Banyak teman saya yang terkendala oleh bahasa, sehingga mereka kesulitan memahami sebagian besar soal, yang akhirnya berdampak pada nilai akhir mereka. Karena itu, saya mencoba mewakili teman-teman untuk menyampaikan rasa keberatan kepada guru. Saya menyarankan agar ujian menggunakan bahasa Indonesia saja, kecuali jika selama proses pembelajaran guru memang mengajarkan dalam bahasa Inggris.
Namun, niat saya yang hanya ingin memberikan saran tampaknya tidak diterima dengan baik. Guru tersebut justru merespons dengan merendahkan saya, "Ini adalah permintaan dari otoritas sekolah, dan saya adalah guru di sini. Memangnya kamu guru? Memangnya kamu berhak mengatur disini?"
Jawaban itu sangat mengecewakan saya. Rasa marah dan kecewa sempat mengganggu konsentrasi saya saat ujian berlangsung. Teman-teman lain juga kebingungan dan terus bertanya karena tidak memahami soal, baik karena keterbatasan pemahaman materi atau kendala bahasa.
Pada saat itu, saya memilih diam dan berusaha tetap fokus meskipun suasana kelas ramai oleh diskusi selama ujian. Pada akhirnya, saya berhasil meraih nilai tertinggi di kelas.

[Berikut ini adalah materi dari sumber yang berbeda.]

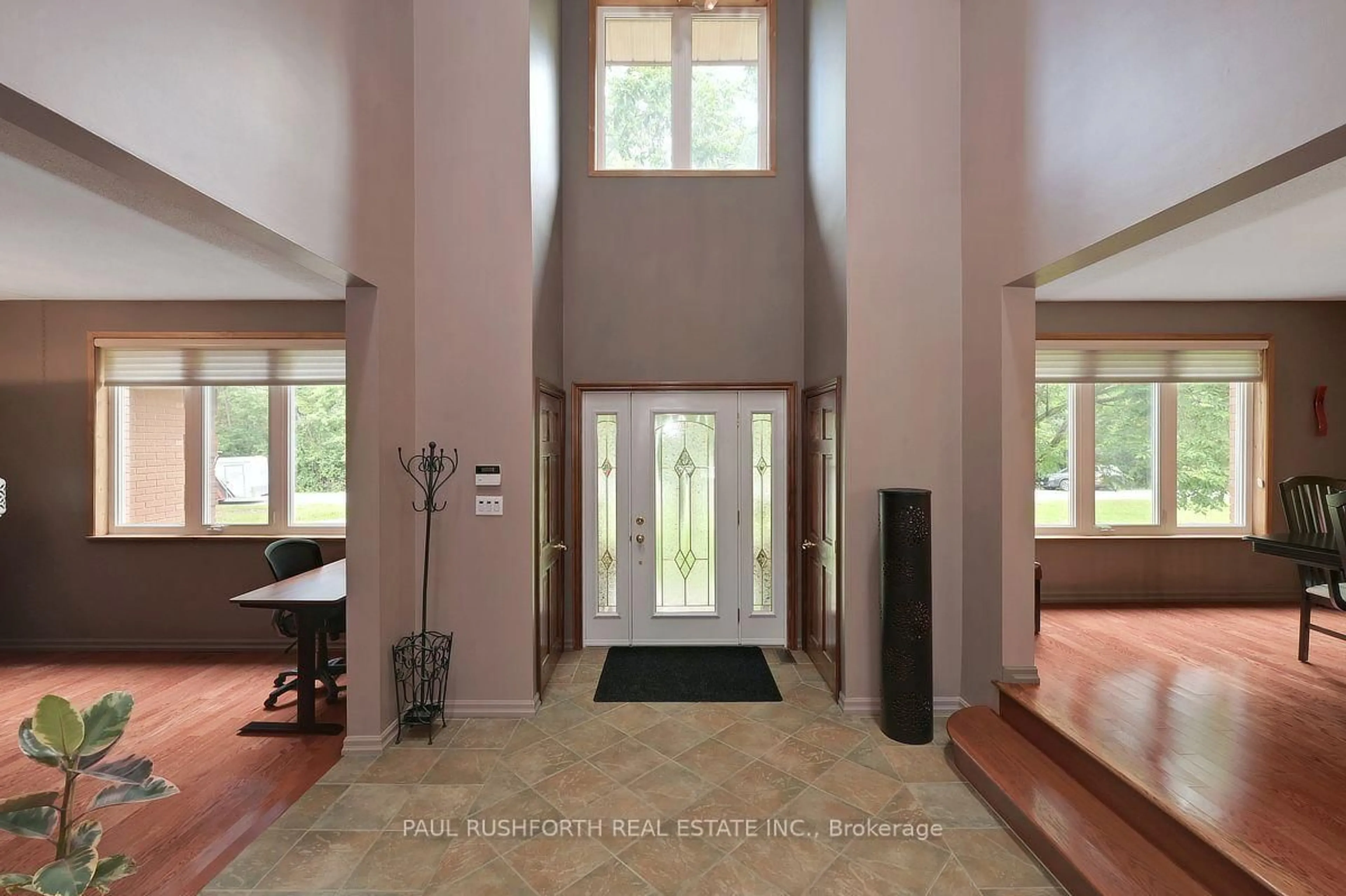 Indoor foyer for 15 Longridge Crt, Richmond Ontario K0A 2Z0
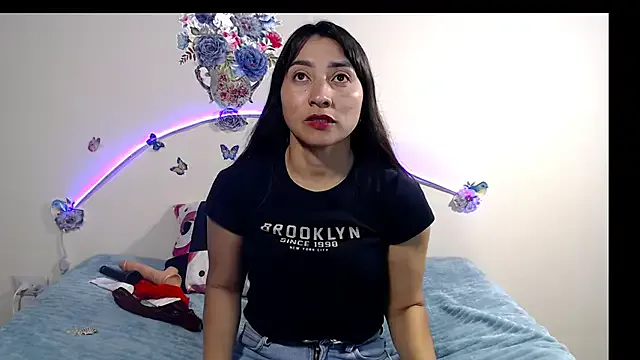 Nonchan_ – webcam model profile photo Image 10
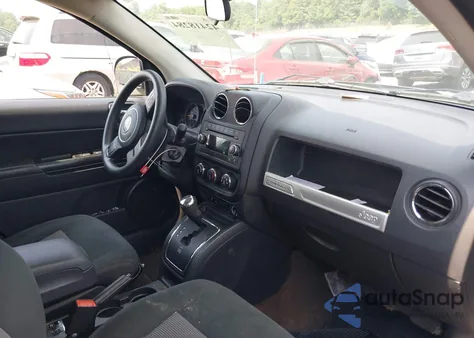 2014 Jeep Compass Sport из США, поврежденный, VIN 1C4NJDBB8ED865341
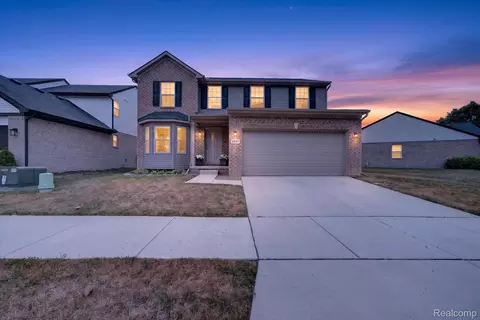 1585 Weeping Willow Ct, Superior, MI 48198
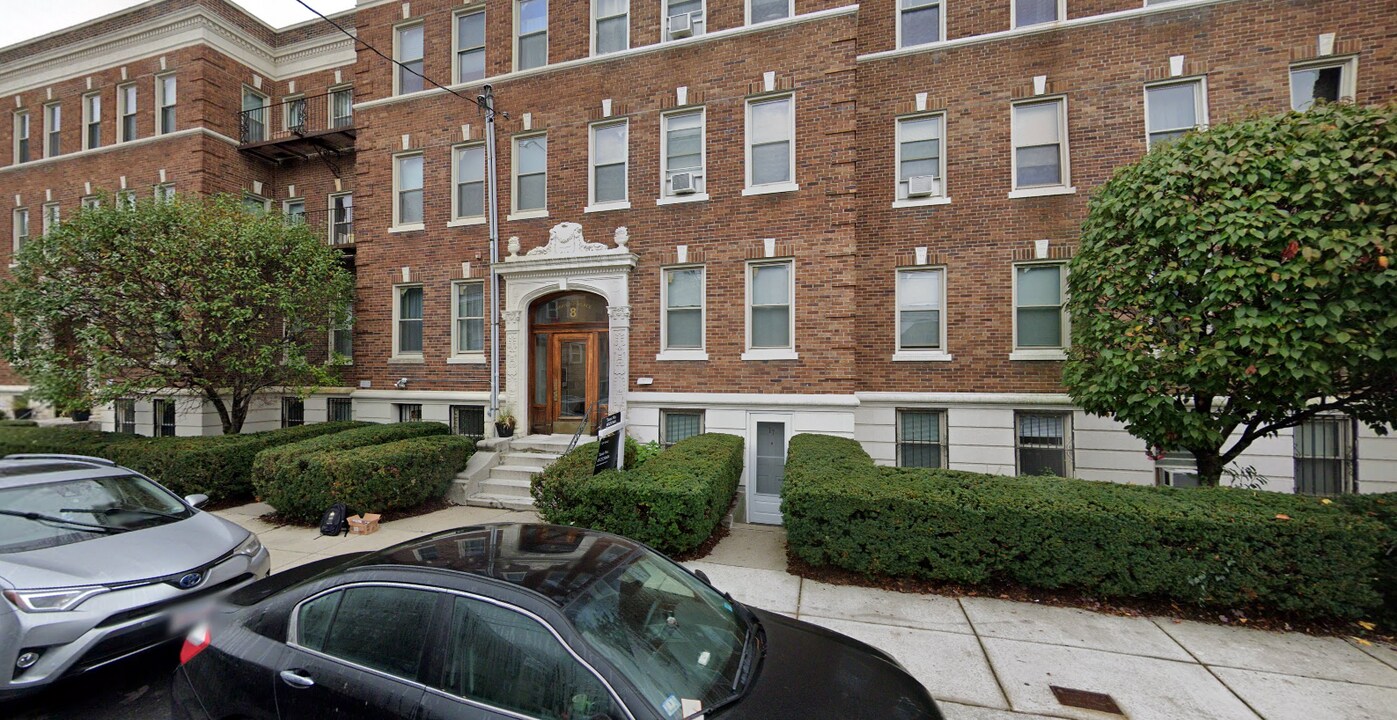 8 Ransom Rd, Unit 7 in Boston, MA - Building Photo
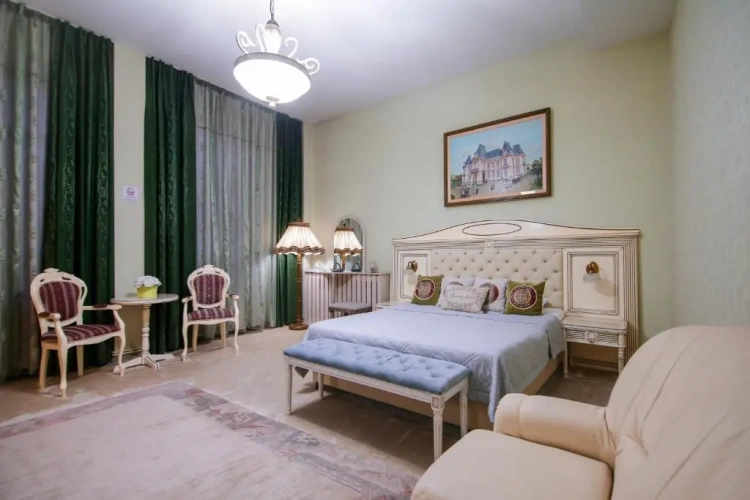Suite with balcony and with view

Istilah kedua adalah Ad Verecundiam.
Saya pertama kali mengenal istilah ini pada pertengahan semester ketika seorang teman lama yang kuliah di fakultas hukum di salah satu universitas di Malang meminta saya untuk mempelajarinya. Setelah memahami sekilas topik ini, saya merasa sangat tertarik dan berusaha memahaminya lebih dalam.
Ad Verecundiam adalah kesalahan logika yang terjadi ketika seseorang menganggap suatu pernyataan benar hanya karena disampaikan oleh figur otoritas, meskipun figur tersebut tidak memiliki keahlian di bidang yang sedang dibicarakan.
Sebagai contoh, saya ingin membahas Guru Gembul.
Siapa yang tidak mengenal Guru Gembul? Saya mengenalnya sebagai seorang kritikus yang sering membahas berbagai isu, terutama yang berkaitan dengan pendidikan dan keislaman. Dalam salah satu kontennya, Guru Gembul pernah mengkritik seorang pengikutnya di YouTube. Pengikut tersebut cenderung mencari-cari kesalahan orang lain dan menggunakan setiap pernyataan Guru Gembul sebagai landasan berpikir, tanpa mempertimbangkan konteks atau melakukan riset lebih lanjut.
Banyak tokoh yang aktif di dunia maya, seperti Raymond Chin, Felix Siauw, Ferry Irwandi, dan Timothy Ronald, sering kali menekankan kepada pengikut mereka untuk tidak menjadikan satu sumber sebagai acuan tunggal. Mereka mendorong audiens untuk melakukan riset mandiri. Bahkan, dalam konten yang membahas prediksi pasar kripto, Timothy dan rekannya, Kalimasada, selalu mengingatkan, "Ini hanya analisis pribadi, silakan lakukan riset mandiri."
Guru Gembul juga sering kali menjadi makian, terutama ketika ia mengkritik tokoh-tokoh agama. Dalam sebuah debat melawan Ustadz Nuruddin, Guru Gembul berusaha menjelaskan argumennya secara logis, tanpa melibatkan keyakinan atau pandangan agama tertentu. Namun, ia diserang dengan argumen ad hominem, seperti "Anda ini tidak paham Islam," dan ad verecundiam, seperti "Ulama ini sudah mengatakan demikian, dan itu pasti benar karena beliau memiliki ilmu yang lebih tinggi daripada Anda."